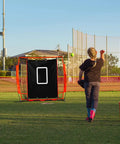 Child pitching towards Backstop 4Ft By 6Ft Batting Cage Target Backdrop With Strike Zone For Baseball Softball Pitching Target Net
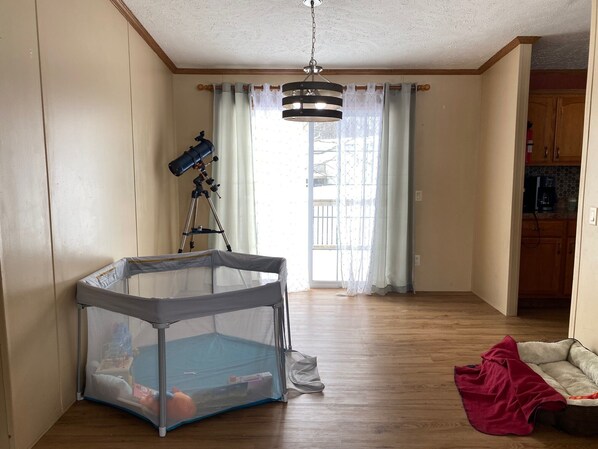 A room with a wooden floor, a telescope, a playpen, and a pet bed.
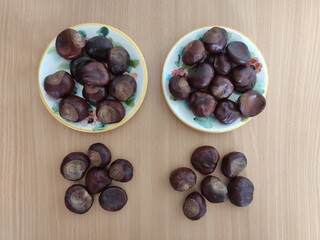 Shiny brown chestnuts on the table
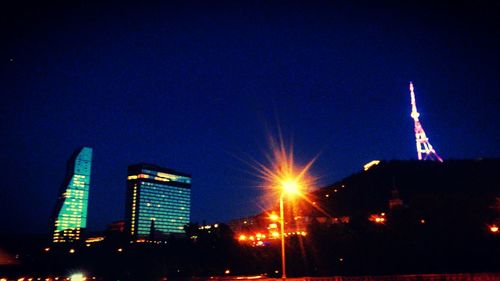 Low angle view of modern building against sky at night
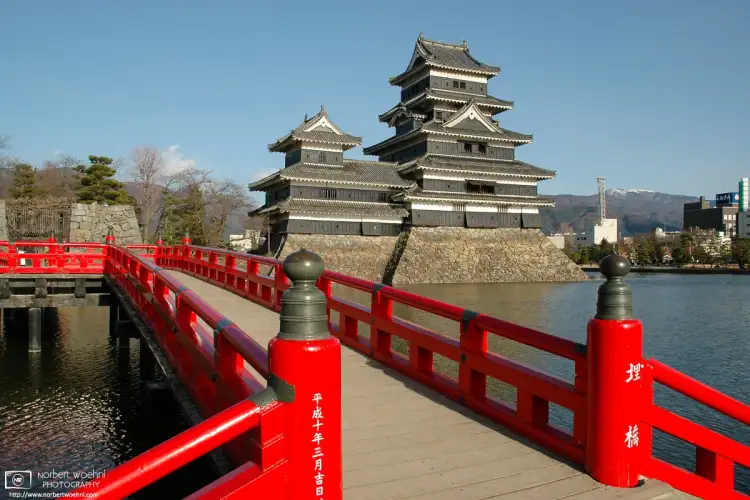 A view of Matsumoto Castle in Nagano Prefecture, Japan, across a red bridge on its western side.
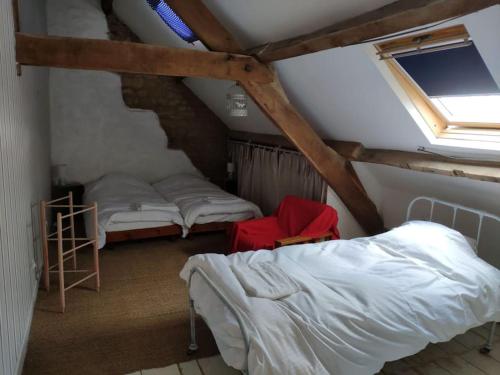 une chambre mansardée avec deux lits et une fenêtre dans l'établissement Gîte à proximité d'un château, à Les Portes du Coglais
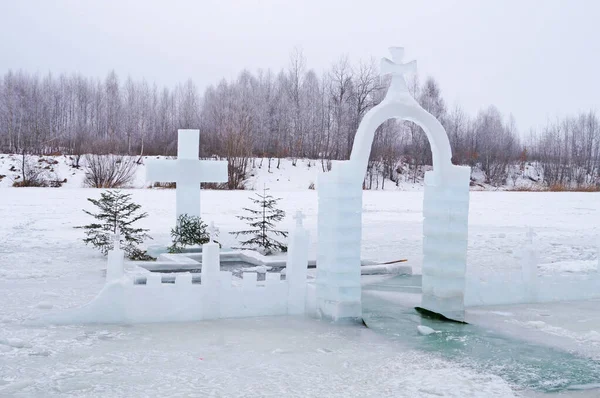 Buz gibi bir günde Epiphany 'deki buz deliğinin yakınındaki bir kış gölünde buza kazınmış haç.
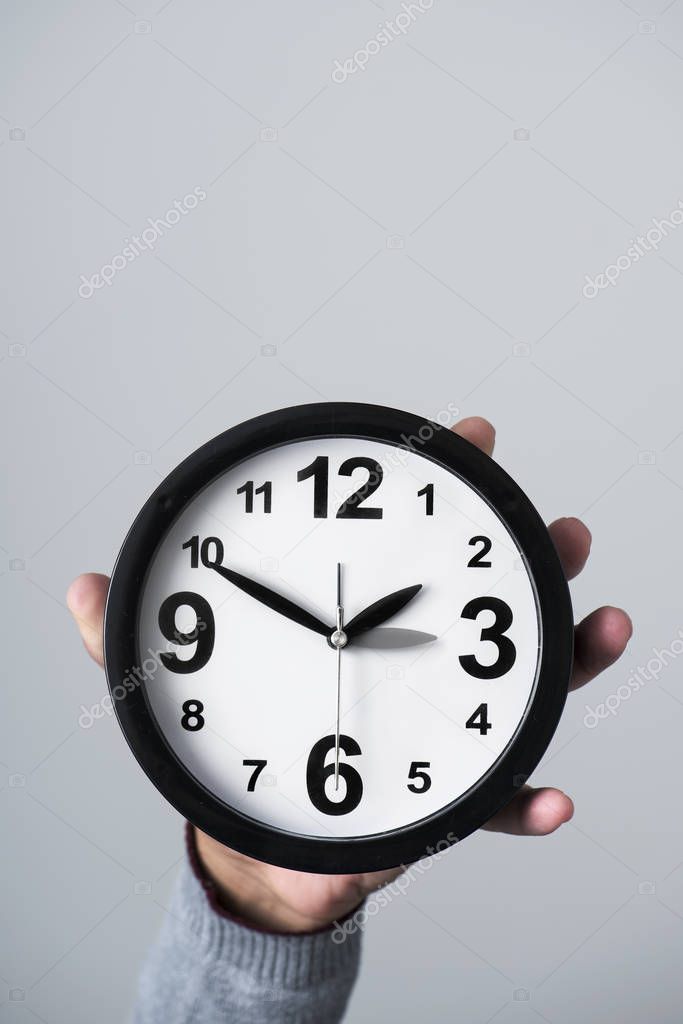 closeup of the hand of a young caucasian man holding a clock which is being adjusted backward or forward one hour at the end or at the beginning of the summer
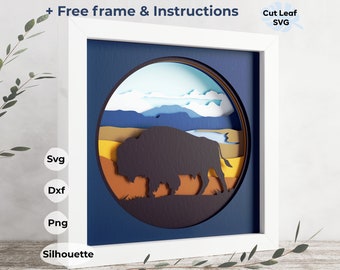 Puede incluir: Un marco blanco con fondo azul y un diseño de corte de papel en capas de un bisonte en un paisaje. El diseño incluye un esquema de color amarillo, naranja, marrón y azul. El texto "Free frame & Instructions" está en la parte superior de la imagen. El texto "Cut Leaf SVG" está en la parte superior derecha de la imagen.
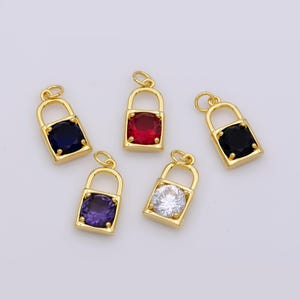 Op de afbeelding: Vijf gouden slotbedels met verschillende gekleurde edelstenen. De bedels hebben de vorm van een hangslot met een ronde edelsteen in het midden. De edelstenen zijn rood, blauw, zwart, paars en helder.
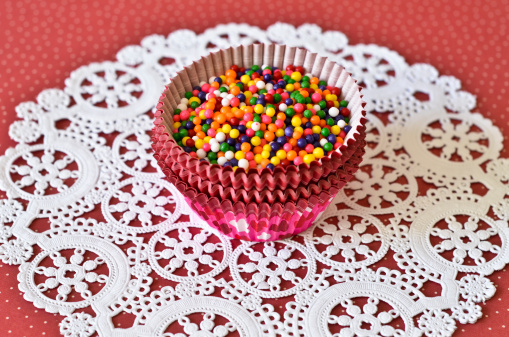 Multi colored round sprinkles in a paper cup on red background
----
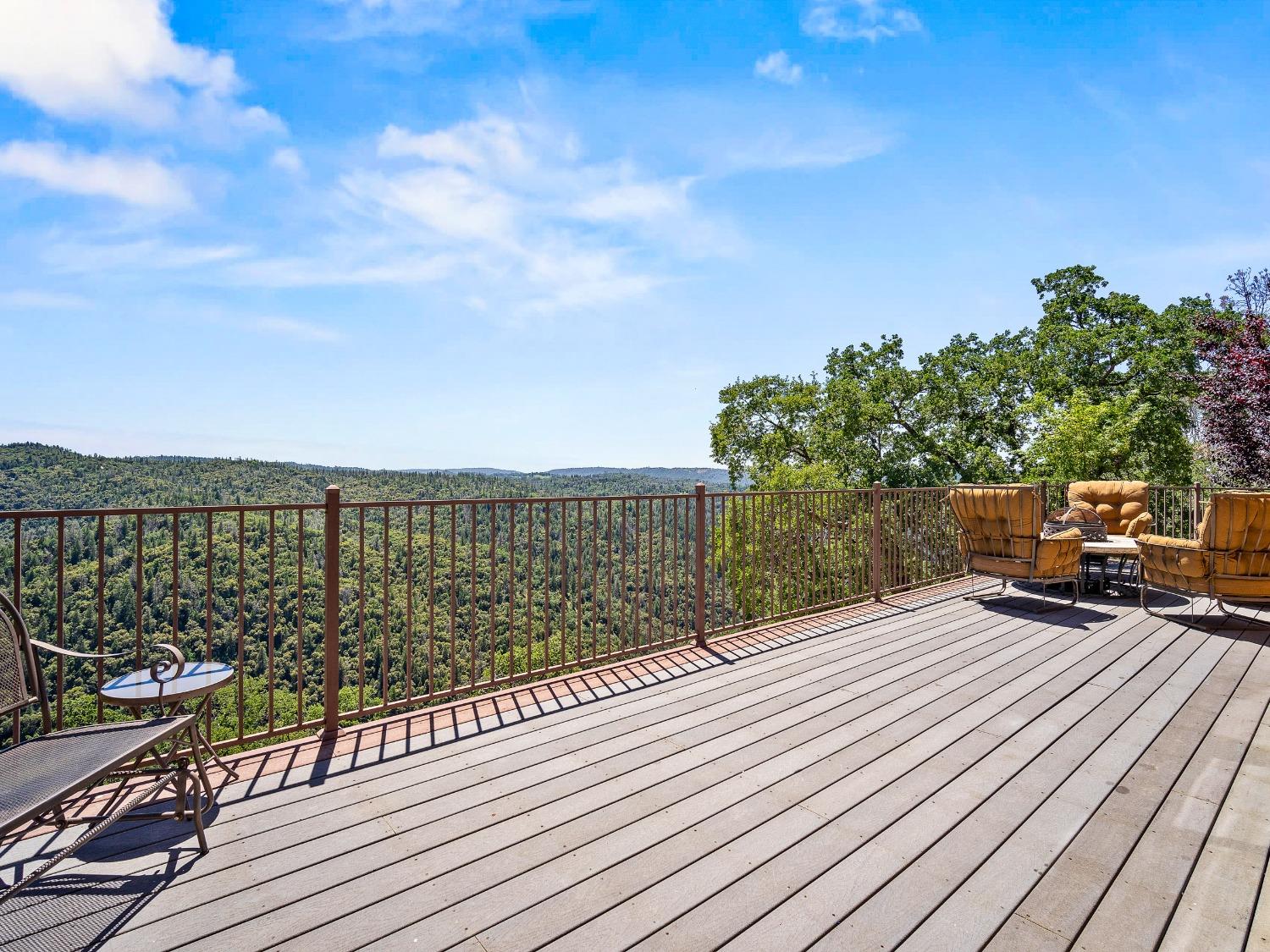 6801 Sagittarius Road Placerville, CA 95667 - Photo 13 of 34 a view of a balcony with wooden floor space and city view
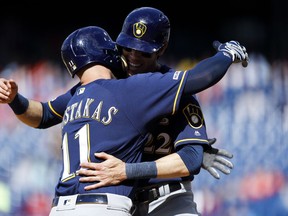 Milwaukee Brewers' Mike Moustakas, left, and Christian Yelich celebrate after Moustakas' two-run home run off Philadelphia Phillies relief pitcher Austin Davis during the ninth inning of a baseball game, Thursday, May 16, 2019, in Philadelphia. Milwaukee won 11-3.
----
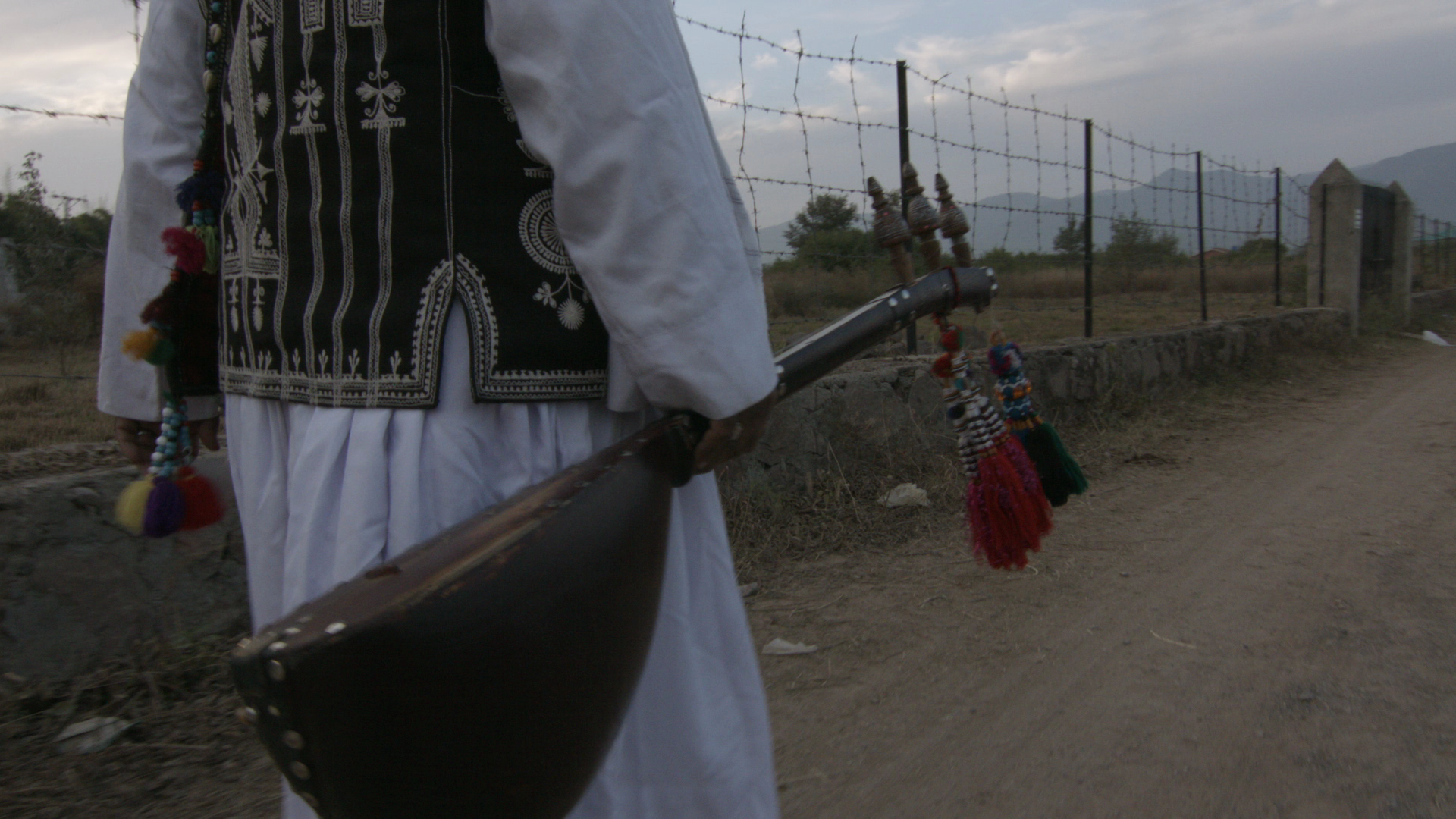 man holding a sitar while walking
----
▸ EXERCISE
Look above for the line with "Low angle view"; quote it and every line after it, stopping after the line with "une chambre mansardée", exactly, with nothing added and without pictures.

▸ RESPONSE TO THE TASK
 Low angle view of modern building against sky at night
 A view of Matsumoto Castle in Nagano Prefecture, Japan, across a red bridge on its western side.
 une chambre mansardée avec deux lits et une fenêtre dans l'établissement Gîte à proximité d'un château, à Les Portes du Coglais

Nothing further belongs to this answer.